Numerical analysis

Questions

What computational/numercal techniques can be performed in Python?
What tools are availble for analysis?
How can I learn more information about my data?

Objectives

Generate a numerical model.
Interpolate missing data.
Run the scikit-learn k-means algorithm.
Plot 3D data.

Numerical models

We start with the numerical solution of a very simple differential equation. In fact we choose something simple enough that we already know the answer.

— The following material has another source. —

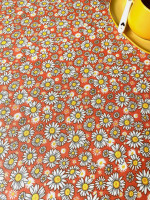 Tafelkleed Margrietje oranje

\(\frac{d\theta}{dt} = - k \theta\)

This is the equation which governs radioactive decay, in which case \(\theta\) is the amount of the radioactive isotope remaining and \(d\theta / dt\) is the activity that we can measure. \(k\) is closely related to the half life.

The solution to this equation is

\(\theta(t) = \theta_0 e^{-kt}\)

where \(\theta_0\) is the amount of the radioactive material remaining. The same equation also describes the cooling of, say, a cup of coffee. In this case we interpret \(\theta\) as the excess temperature (above room temperature).

import numpy as np
import matplotlib.pyplot as plt

#Set the amount of isotope remaining (i.e. 1=100%)
theta_0 = 1.0

#Create a regularly spaced vector of time values
#20 units between 0 and 1.
steps=20
timelength=1.0
time_values = np.linspace(0,timelength,steps)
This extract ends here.